My Note 出会った人たち
2005.7.22

7月20日・21日と福井方面で仕事上の打ち合わせがあった合間を利用して、不登校関連のNPO等3団体の方々とお会いした。

一つはNPO法人教育支援機構(HP)。
塾の先生をしておられた方が、塾に通ってくる子どもたちの中から不登校になる子が出てきたことに心を痛め、メンタルフレンド的なことからさらに進んで「やり直し支援」で中学生の学力確保をサポートしておられる。
教室へ戻ろうという気になっても、ずっと休んでいたから授業についていけず、これがまた教室に行けなくなるきっかけになっている。
また、中学校は義務教育だから、たとえ1日も学校へ行かなくても卒業できるのだが、学力を確保していれば高校からのやり直しも可能である。
やがて「自分の行動範囲内の子どもしか支援できない」と考えて、ネット(メール)を使った活動をはじめ、しかしメールの無機質さゆえかface to faceでないことによるモチベーション低下のせいか、どうもはかばかしくなく、今は学校の先生か誰かが地域でサポートしてくれないか・・・・というところに行き当たっておられるようだ。
そうなのである。自分のがんばりで活動してきた時、考えれば考えるほど、活動が広がるほど、誰かと連携しなければ先へ進めなくなってくるのである。
そこで自分の「できることを」と割り切って線を引くか、連携によってさらに広がりエネルギーを要する活動を続けていくか、決断しなければならない。
私の場合は何も考えずにどんどん広げてきたわけだが・・・・^^;

こういう活動をしている方をサポートできないだろうか。
「できる人が」いるのなら、そこまではできないけれど、手伝いはできる人がサポートできないものだろうか。
地域の「塾生」のところへ行って話を聞いたりしながら、メールが送られてくれば、たとえ教えられなくてもいいから一緒に考え、やる気を引き出す。
そうすることで、NPO活動も続いていくし、何より子どものためになる(もう私などは、こういった人をサポートできない社会は駄目だとさえ思ってしまうのである)。

そういったことの呼びかけができないだろうか。
そのきっかけとして、圧倒的な情報配信力を持つPTAが力を発揮できるのではないだろうか。何と言っても、県内のほぼすべての小中学生保護者に情報配信ができるのだ。
そういうところで力を発揮してこそPTAではないかと思う。廃品回収などの年中行事を黙々とこなすだけがPTAではないのだ。

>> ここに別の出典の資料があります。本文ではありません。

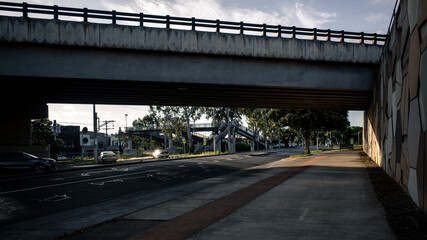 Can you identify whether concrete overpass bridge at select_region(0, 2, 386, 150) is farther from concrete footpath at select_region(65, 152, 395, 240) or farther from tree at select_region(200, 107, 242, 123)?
tree at select_region(200, 107, 242, 123)

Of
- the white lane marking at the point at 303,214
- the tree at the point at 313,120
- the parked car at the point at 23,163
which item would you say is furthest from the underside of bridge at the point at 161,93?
the white lane marking at the point at 303,214

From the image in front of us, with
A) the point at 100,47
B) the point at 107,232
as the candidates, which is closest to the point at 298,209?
the point at 107,232

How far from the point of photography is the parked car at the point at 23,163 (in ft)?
66.7

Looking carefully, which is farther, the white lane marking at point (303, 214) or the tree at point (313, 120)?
the tree at point (313, 120)

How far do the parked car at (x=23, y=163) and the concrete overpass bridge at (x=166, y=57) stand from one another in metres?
4.11

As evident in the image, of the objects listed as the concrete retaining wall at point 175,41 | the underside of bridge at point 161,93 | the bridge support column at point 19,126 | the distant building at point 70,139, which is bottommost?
Answer: the distant building at point 70,139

さて、20日にもうお一方お会いしたのは、NPO法人「あのの」である。(HP
事務局の野口さんに18日に電話して、急な話ながら20日にお会いする旨のご快諾をいただいた。
代表であり中心人物でいらっしゃるのは米沢豊穂先生(HP)であり、25年にわたりカウンセラーとして人間関係・親子関係の問題に取り組み、非行・不登校の改善実績も非常に豊富な方だ。
そのような方に、不登校問題に首を突っ込んでまだ1年に満たない私が、思いを語ったりしたのであるから、厚顔無恥もいいところであるが、先生はニコニコと聞いてくださり、お褒めの言葉と激励をいただいたりした。
さらに2日後にお礼のメールを差し上げたらすぐに返信くださり、25年前の自分を見るようだったと持ち上げてくださった。

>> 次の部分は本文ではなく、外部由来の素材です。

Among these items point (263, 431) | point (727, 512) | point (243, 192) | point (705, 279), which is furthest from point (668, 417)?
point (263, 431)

1年ほど前、虐待・不登校の後に高校に進学せず家も出て、市内のどこかにいるらしい少女の話を聞いて、ホリデースクールなどで「元気な子ども」「子どもの光っている面」だけを見てきた自分に気がつき、少なからずショックを受けた。
それから、PTA東海北陸研究大会での「不登校児は不良品」という副知事発言、PTA掲示板での様々なことなどを経て、今年度は県PTA役員として取り組んでいるのだが、これまでそういったことに気がつかなかったというか関心を払わなかった自分が恥ずかしくもあり、負い目にも感じている。
そういう気持ちが自分を動かしているのかもしれない。四半世紀をかけて取り組んで来られた方にお褒めいただくような高尚な思いなどではないのだ。

しかし、こういったことに取り組み、仲間を集めて組織を作り、何年・何十年と活動をしているという人たちと会うと、こちらのモチベーションはぐっと上がる。PTAが社会の中でなすべきこと、存在意義も少し見えてきたようにも思う。

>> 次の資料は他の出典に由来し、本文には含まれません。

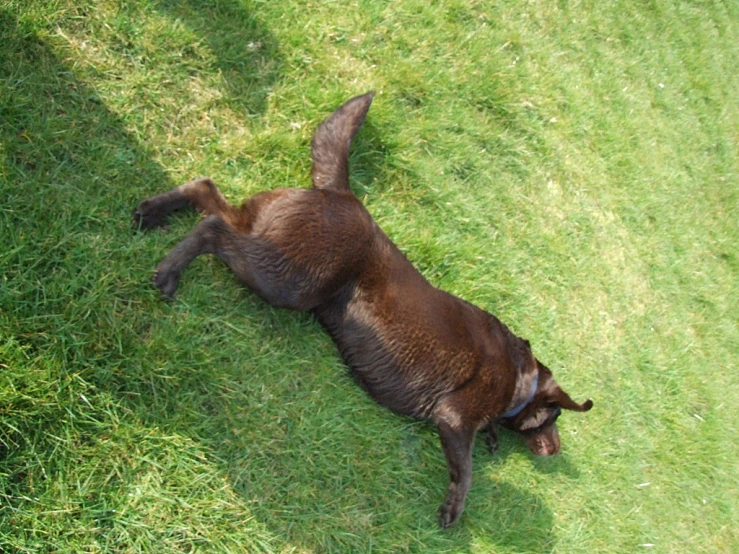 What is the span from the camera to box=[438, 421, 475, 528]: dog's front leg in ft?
11.3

21日には、フリースクール「WILLBE」(HP)を主宰する竹内さんにお会いした。大変な経歴をお持ちである。(こちら
今年4月に、福井県教育委員会技能教育施設に指定され、高校卒業資格の取得が可能となった。これは大変素晴らしいことだと思う。
フリースクールというと、一昔前の積極的に学校を否定していたフリースクール群を連想してしまいがちだが、竹内さんとお話していて、そういった心配はないと確信した。
学校へ行けないけれど、人生を積み上げていきたい意欲がある子ども達にとって、このWILLBEや斧さんの「教育支援機構」などは大きな力となると思う。そういう子どもがいる限り、社会的な役割は大いにあると思う。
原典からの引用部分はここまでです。